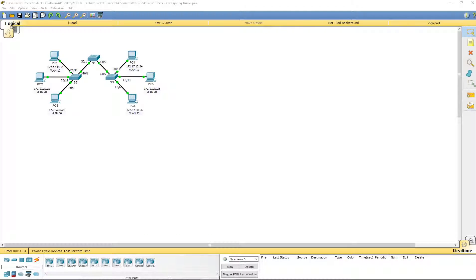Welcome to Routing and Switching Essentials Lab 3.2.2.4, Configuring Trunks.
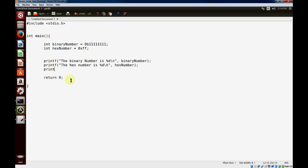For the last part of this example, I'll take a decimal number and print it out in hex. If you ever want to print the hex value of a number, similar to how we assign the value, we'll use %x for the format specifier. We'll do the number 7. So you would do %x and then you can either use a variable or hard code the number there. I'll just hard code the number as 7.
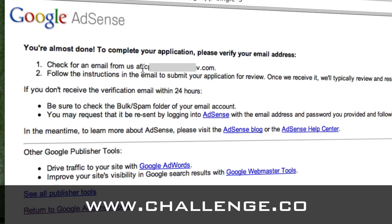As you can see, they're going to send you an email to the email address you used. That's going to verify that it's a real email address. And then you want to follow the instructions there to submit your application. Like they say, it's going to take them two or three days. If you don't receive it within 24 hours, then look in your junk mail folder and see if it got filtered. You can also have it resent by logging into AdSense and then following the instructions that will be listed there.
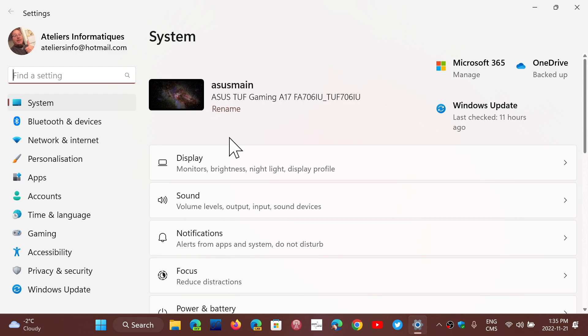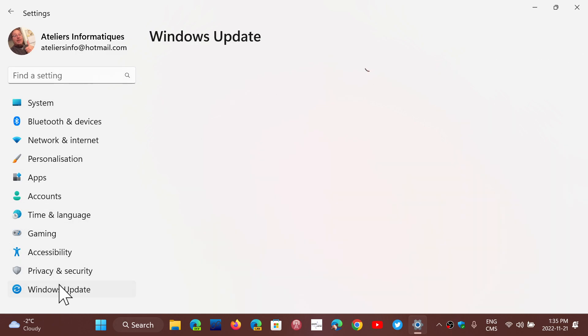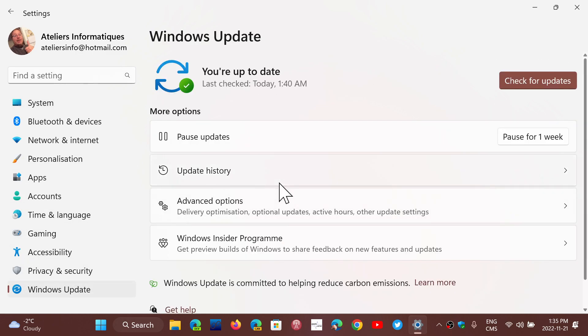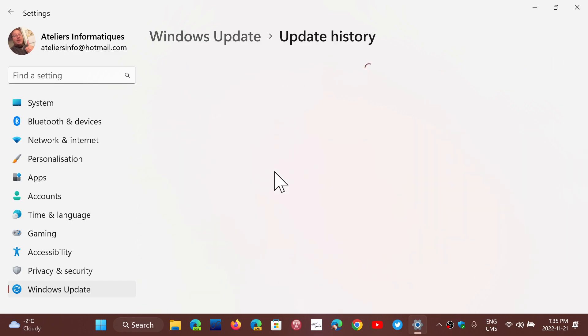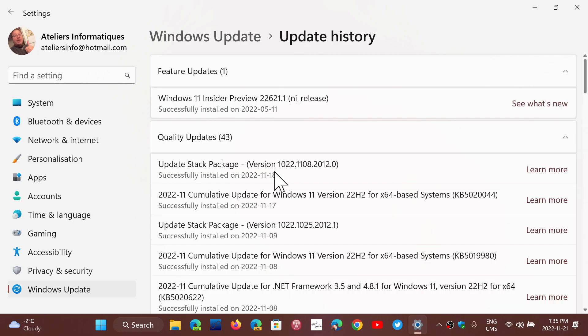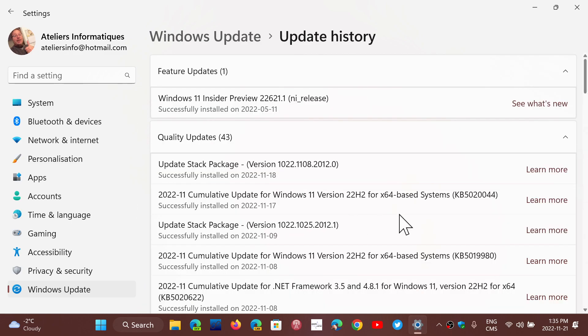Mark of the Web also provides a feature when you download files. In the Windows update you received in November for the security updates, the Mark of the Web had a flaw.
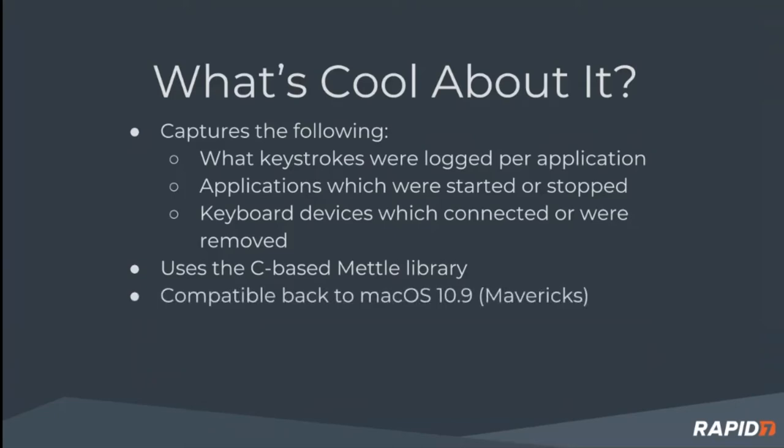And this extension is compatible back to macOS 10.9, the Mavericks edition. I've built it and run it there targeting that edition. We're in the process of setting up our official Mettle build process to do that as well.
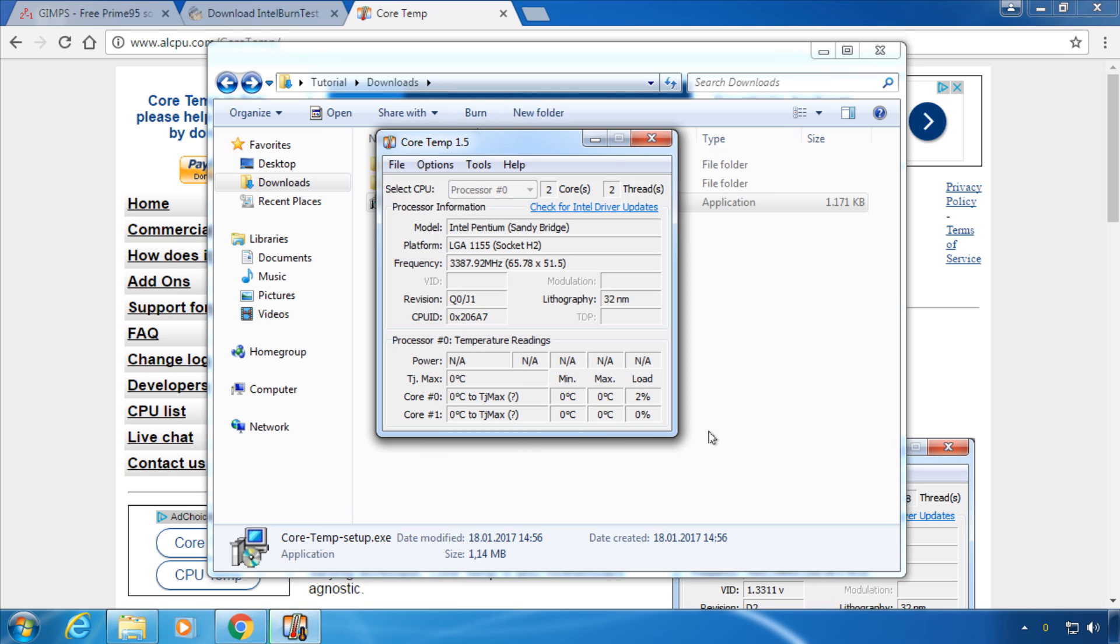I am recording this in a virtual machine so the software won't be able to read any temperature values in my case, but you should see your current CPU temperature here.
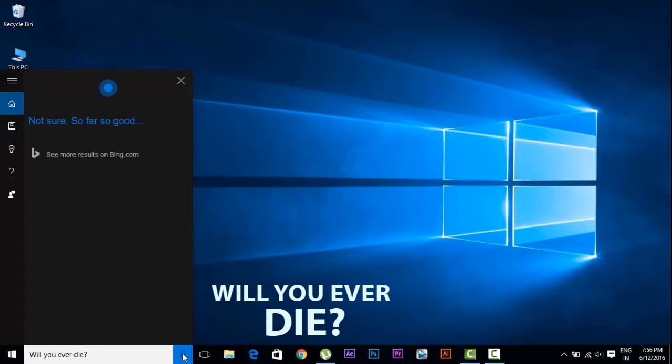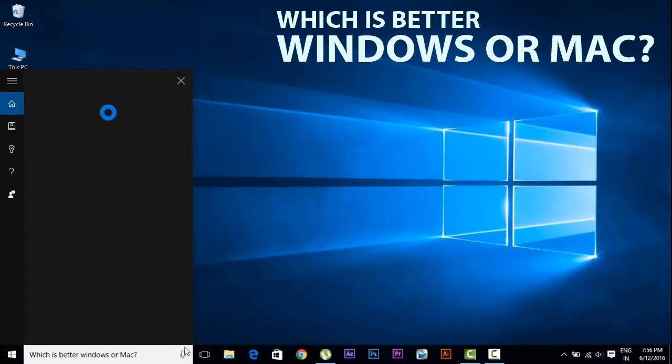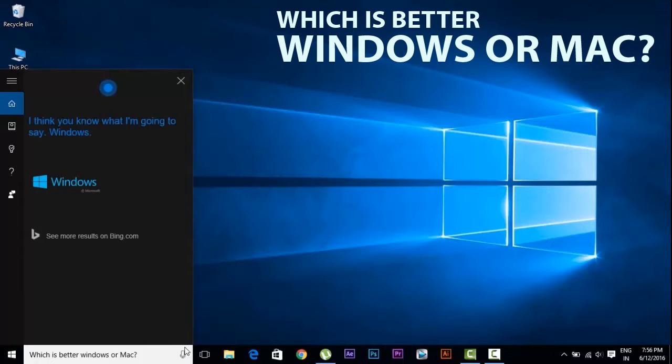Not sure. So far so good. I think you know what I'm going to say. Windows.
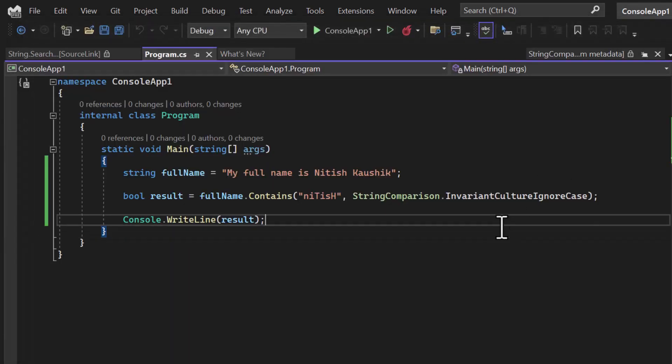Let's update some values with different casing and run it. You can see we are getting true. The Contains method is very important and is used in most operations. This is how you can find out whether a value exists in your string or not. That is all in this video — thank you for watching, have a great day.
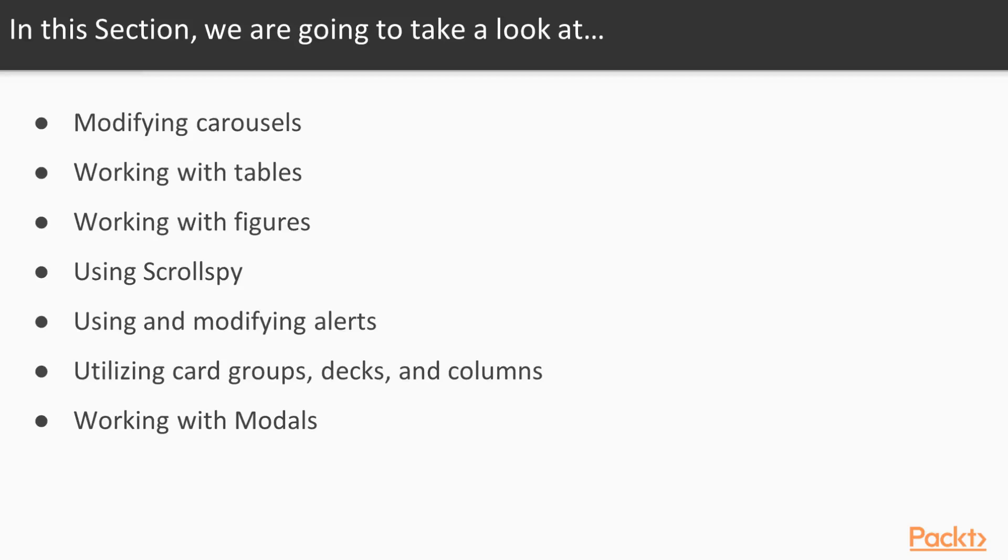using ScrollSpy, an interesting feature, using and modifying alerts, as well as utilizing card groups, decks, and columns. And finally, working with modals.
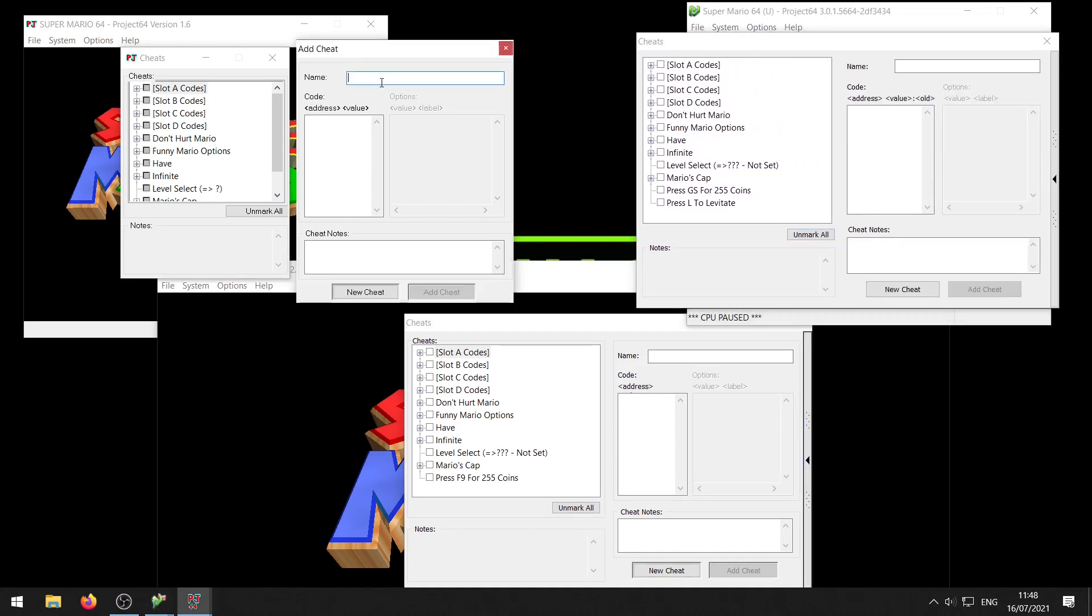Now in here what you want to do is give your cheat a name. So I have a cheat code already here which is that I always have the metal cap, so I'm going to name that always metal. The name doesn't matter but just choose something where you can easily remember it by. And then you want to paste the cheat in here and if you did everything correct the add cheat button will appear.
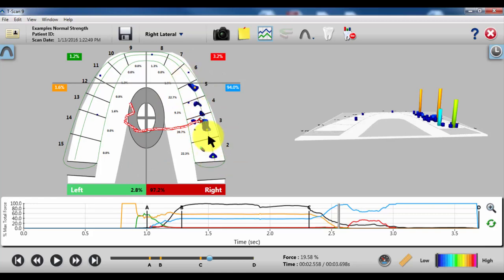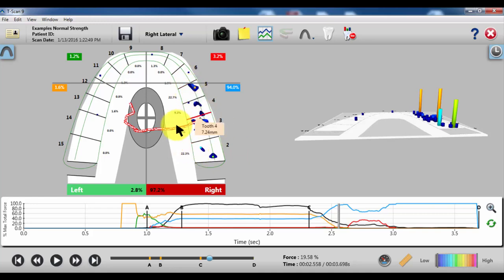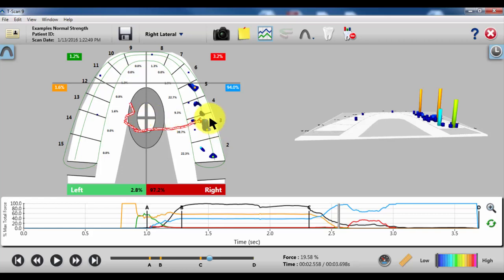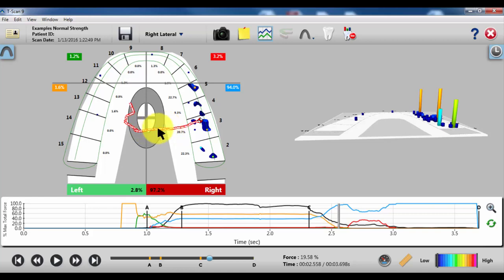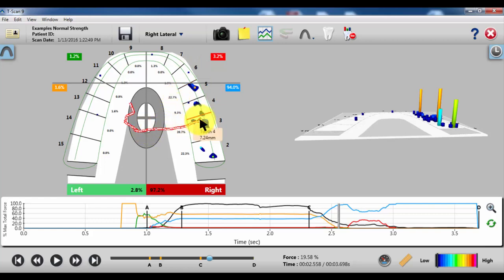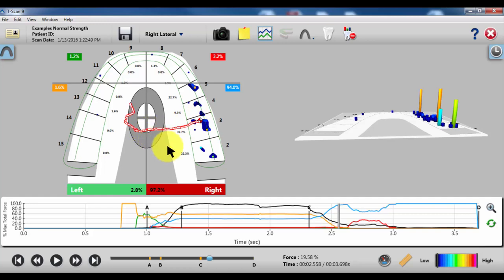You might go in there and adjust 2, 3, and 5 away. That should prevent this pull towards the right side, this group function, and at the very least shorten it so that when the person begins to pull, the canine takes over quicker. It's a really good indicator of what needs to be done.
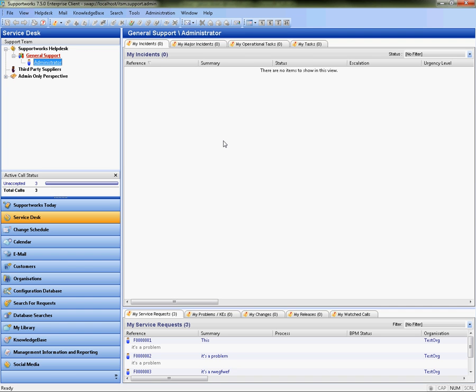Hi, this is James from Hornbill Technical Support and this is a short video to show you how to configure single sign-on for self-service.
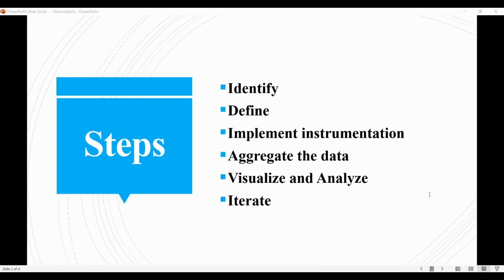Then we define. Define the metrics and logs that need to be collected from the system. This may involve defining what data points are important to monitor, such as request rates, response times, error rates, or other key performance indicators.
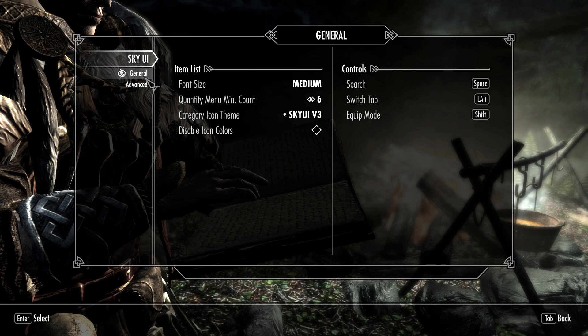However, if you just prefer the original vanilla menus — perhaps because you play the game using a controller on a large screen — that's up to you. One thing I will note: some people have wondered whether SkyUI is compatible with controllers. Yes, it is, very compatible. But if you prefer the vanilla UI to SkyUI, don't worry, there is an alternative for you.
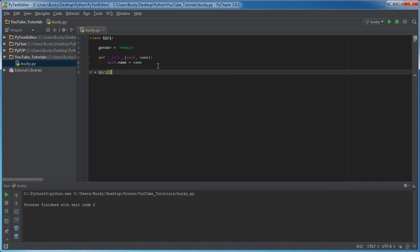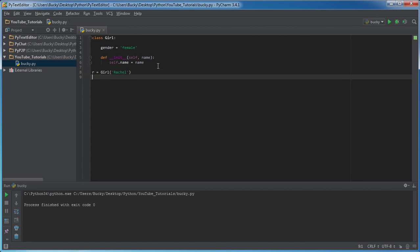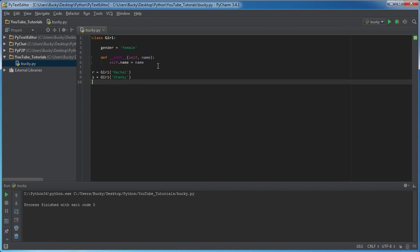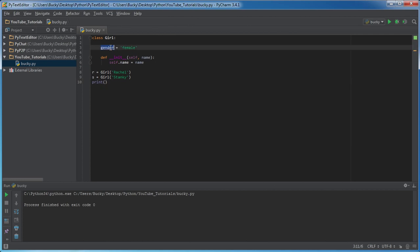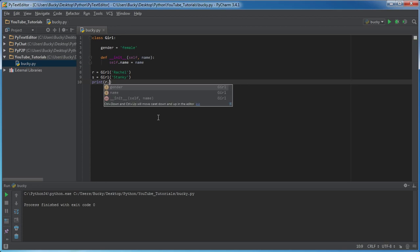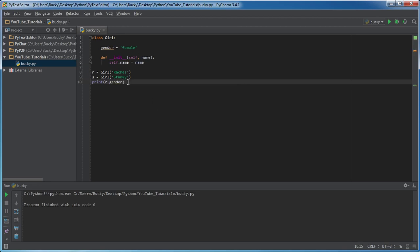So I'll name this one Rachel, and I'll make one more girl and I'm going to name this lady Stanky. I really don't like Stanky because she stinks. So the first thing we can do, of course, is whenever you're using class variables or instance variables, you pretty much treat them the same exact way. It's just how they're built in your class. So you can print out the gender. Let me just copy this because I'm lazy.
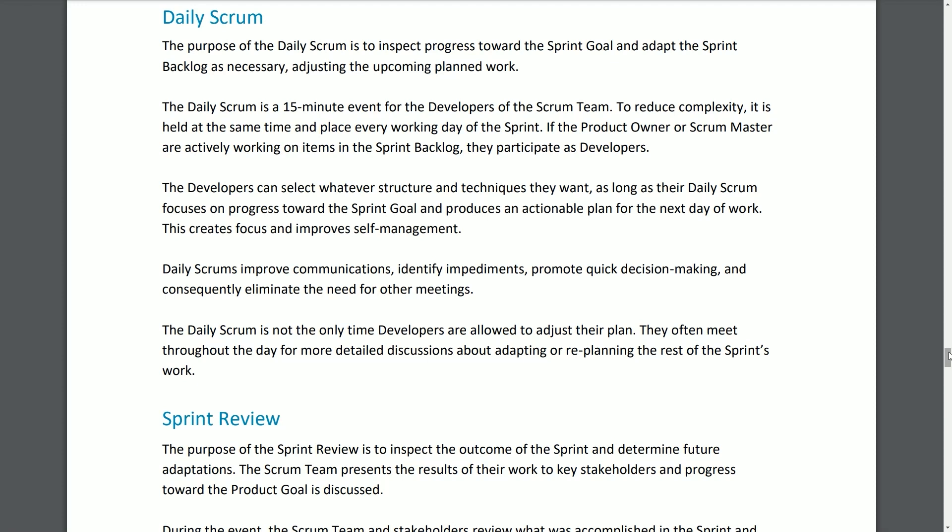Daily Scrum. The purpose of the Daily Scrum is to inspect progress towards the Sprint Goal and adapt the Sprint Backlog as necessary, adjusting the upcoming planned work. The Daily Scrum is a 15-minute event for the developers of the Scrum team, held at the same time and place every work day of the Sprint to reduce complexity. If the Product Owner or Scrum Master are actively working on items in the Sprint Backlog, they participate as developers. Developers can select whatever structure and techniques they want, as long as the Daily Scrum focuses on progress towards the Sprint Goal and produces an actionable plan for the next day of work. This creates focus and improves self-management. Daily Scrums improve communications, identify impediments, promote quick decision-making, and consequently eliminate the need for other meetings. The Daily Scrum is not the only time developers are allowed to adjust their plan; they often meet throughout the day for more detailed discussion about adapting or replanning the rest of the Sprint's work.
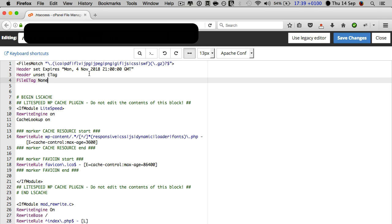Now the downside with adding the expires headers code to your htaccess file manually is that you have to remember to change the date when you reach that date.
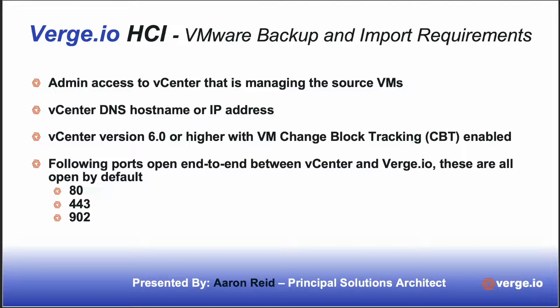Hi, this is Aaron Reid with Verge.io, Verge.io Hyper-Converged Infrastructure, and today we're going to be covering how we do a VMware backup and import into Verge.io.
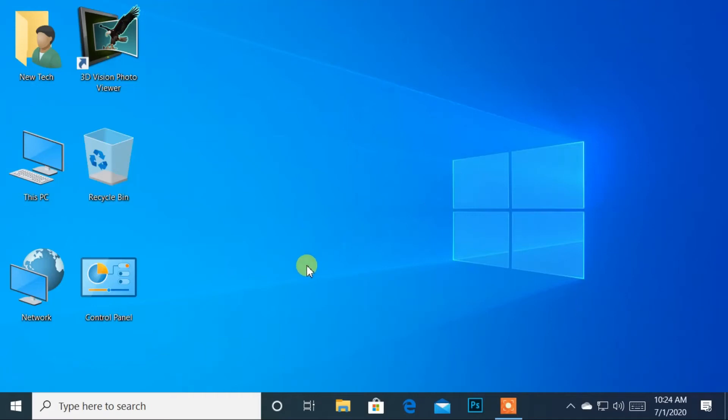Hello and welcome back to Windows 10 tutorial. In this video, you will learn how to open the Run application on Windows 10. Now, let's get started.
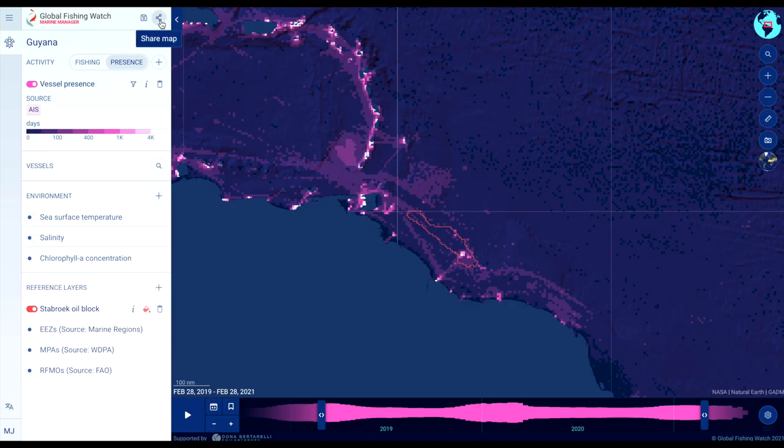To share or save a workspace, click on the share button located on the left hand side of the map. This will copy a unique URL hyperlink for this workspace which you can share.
------------------------------------------------------------
TASK DETAILS
Give back exactly the lines from the top of the records to the line containing "For the last", both included, and no pictures.

PROBLEM SOLUTION
Welcome to Routing and Switching Essentials Lab 3.2.2.4, Configuring Trunks.
For the last part of this example, I'll take a decimal number and print it out in hex. If you ever want to print the hex value of a number, similar to how we assign the value, we'll use %x for the format specifier. We'll do the number 7. So you would do %x and then you can either use a variable or hard code the number there. I'll just hard code the number as 7.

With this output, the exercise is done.